According to the company’s annual report, Cole received a basic salary of £379,000, £95,000 in performance pay and benefits and £42,215 from exercising share options, on top of a £800,000 pay-off. The figures show he took away a total of £1,316,308 following his resignation on 12 June.
However a company spokesman denied the figures in the annual report, claiming Cole had received ‘only’ £800,000 after his departure. The spokesman said: ‘It was just a contractual agreement and he was paid according to that. He got a payment of two years’ salary and that was it.’
Shares in Hays halved in value in the economic slowdown after Cole left, dropping from around £3.40 to £1.60 per share. Stock values dropped even further after 11 September, although prices have recovered since then.
Morgan’s pay off, which, according to the annual report totalled £331,000 including benefits and performance pay, brings the total cost between the two men to more than £1.6 million.

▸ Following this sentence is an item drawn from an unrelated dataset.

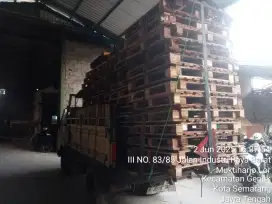 Palet kayu jatingaleh semarang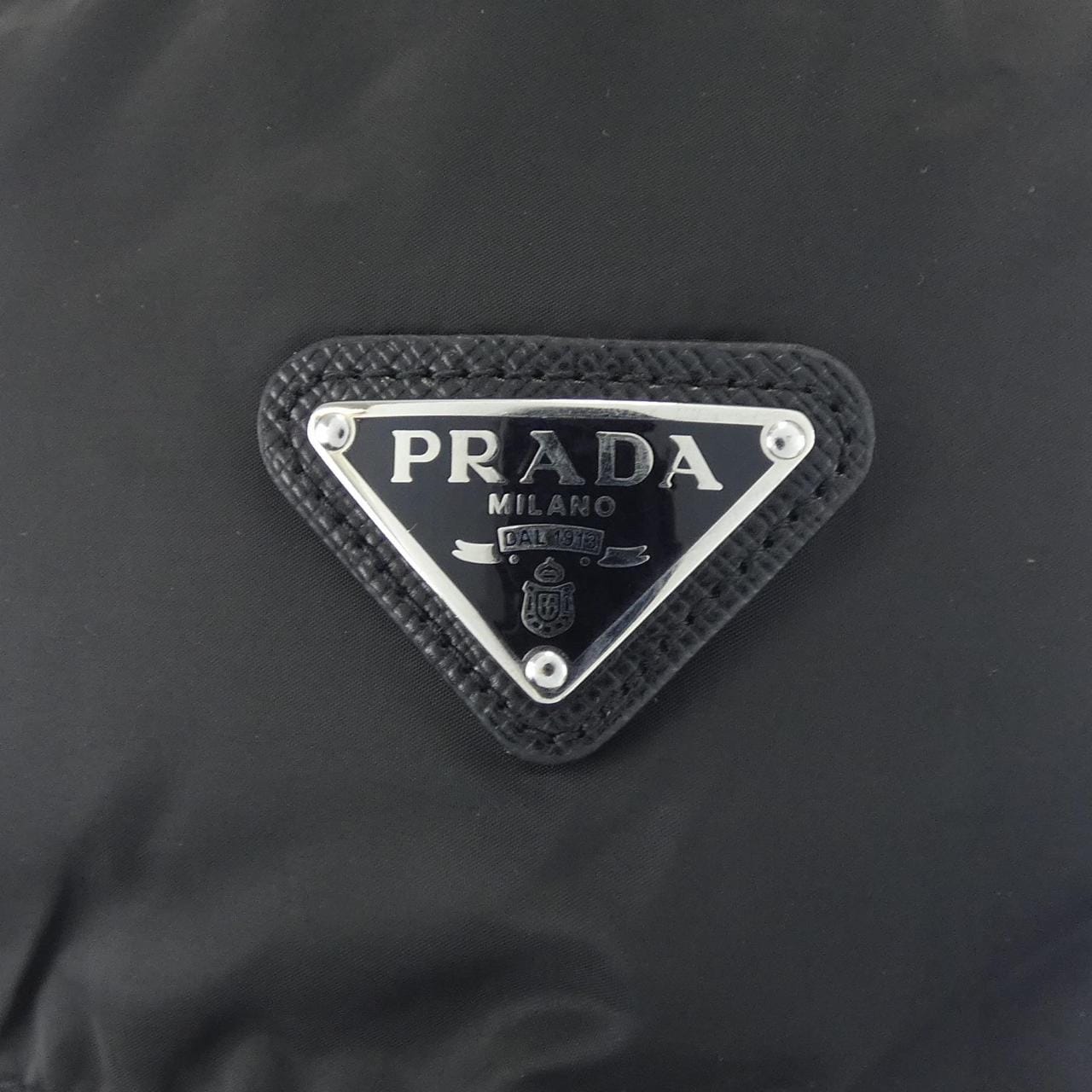 プラダ PRADA トライアングルロゴ 29X544 R182 1060 ダウンジャケット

The revelations came after a survey on ‘golden goodbyes’, compiled from company annual reports by the union-funded Labour Research Department, exposed the large sums UK companies pay to directors as they resign.
Cole was 21st in the list and, if the figures in the annual report are correct, received a total pay-off worth more than three times as much as the one controversially awarded to Gerald Corbett, the former CEO of Railtrack.